Success came only in 1972, with the album Questo piccolo grande amore; the title track was awarded as the Italian song of the century in 1985. In 1974, he recorded the album E tu ... with Vangelis. In 1975, it comes out Sabato pomeriggio; a concept album about waiting, based on Giacomo Leopardi's poems. In 1977, the album Solo; was the first in which he made lyrics, music and production on his own. In 1978, Baglioni released the album E tu come stai?.

In 1981, he produced the hugely successful album Strada facendo the first Italian album to reach one million copies. The following year the Alé Oó tour starts, the first tour of an Italian singer in large stadiums. The name of the tour in fact takes its cue from a typical chorus of football matches. In June of the same year (1982) Baglioni at the age of 31 became a father and in one day wrote the worldwide hit song Avrai dedicated to his son.

In 1985, Baglioni released the album La vita è adesso, the best-selling album of all time in Italy with almost 4 million copies sold, immediately after the release of the album, Baglioni embarked on the 1985 stadium tour which totalled over 1.5 million spectators with the final concert in Rome, which was the first concert in the history of Italian music to be broadcast live on TV.

The overwhelming success of the album called for another big tour the following year; Assolo a sensational tour consisting of over 30 concerts in major stadiums across Italy where Claudio Baglioni performs completely alone, without a band, with the help of classical and electric guitar, pianola, piano, synthesizer and MIDI, a technology never tested at the time.

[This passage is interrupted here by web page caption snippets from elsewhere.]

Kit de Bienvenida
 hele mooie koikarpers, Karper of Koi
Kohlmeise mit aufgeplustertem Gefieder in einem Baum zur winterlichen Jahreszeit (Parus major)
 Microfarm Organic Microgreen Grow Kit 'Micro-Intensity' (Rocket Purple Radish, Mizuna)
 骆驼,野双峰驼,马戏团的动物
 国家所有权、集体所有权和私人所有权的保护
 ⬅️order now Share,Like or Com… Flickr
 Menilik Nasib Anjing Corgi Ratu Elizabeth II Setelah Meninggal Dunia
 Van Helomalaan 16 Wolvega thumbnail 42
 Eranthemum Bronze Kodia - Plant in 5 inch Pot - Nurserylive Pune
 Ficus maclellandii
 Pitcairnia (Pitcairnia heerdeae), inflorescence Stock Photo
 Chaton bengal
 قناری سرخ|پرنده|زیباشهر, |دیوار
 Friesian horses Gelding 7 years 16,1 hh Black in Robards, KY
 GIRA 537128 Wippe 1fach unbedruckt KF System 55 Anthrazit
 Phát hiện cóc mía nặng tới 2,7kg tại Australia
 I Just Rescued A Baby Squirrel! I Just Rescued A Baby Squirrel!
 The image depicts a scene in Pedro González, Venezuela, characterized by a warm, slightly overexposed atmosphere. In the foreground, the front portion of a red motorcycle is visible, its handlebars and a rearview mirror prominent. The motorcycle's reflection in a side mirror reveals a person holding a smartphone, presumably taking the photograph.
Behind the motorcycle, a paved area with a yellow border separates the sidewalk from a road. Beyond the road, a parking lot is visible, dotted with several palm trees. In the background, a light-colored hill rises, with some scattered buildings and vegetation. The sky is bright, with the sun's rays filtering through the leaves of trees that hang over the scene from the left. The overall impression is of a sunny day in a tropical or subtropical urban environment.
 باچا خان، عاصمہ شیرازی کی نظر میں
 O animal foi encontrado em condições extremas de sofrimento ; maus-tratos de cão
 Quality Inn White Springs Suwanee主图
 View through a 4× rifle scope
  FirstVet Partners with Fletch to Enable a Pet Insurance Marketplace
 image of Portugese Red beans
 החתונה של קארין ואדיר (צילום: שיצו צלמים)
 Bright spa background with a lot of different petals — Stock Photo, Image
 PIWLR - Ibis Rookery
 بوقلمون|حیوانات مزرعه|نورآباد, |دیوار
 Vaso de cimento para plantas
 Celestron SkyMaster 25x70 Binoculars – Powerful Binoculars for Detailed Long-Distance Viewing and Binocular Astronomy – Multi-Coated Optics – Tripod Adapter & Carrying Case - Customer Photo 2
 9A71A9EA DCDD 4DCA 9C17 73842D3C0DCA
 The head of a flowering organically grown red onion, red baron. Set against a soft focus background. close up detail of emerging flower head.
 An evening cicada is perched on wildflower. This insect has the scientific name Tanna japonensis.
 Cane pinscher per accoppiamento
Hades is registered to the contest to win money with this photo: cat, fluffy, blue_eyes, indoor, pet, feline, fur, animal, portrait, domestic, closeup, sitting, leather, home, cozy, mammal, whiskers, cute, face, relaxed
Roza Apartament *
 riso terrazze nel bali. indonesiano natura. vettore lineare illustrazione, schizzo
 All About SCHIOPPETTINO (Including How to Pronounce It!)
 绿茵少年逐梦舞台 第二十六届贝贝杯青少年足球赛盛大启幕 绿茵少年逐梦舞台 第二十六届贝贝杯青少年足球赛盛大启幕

The live album Assolo was recorded in Milan and became a commercial success in Europe. The success of Claudio in this decade was so high that around the end of 1985 the first collection for the European market was released, entitled Claudio Baglioni, containing ten of Baglioni's songs from the decade so far.

In 1988, he participated in a concert of the Human Right Now! tour with Peter Gabriel, Sting and Bruce Springsteen.

In 1990, after 3 years of work he released the double album Oltre, an ambitious project with 20 songs that contains experiments with world music. The concert of 1991 was reviewed positively by Billboard magazine as the best concert of the year in the world, thanks to the stage that is located in the center of the stadium with the public surrounding it in the round. In the same year the European version of the record Oltre is marketed. In 1992 the tour Oltre il concerto began, held in indoor arenas with the stage in the centre, marking the return of Baglioni throughout Italy, with over 50 dates it was a huge success.
In 1995, the album Io sono qui was released, which marks Claudio's return to the scene, the album deals with the theme of comedy, everyday life is in fact a bit of a comedy for everyone where everyone wears a mask without knowing if he is an actor or a spectator of life. The album is structured as if it were a film with a beginning, an end, the interlude and then the first, second, third and fourth time which anticipate the subsequent songs by describing them as cinematic scenes. The album has sold 1.5 million copies to date. Baglioni initially presents the album with a series of surprise concerts held on a yellow truck which once opened became a stage, the concert tour is called Tour Giallo. Subsequently, the 1996 tour called Tour Rosso began in arenas with the stage in the center without barriers between the public and the artist with the band, with over 51 dates it became an incredible success.
On 6 June 1998, he held the concert event of the year at the Olympic stadium in Rome, the concert totaled over 100,000 spectators thanks to the stage in the center and the spectators who filled the stadium, still this record remains undefeated by any event.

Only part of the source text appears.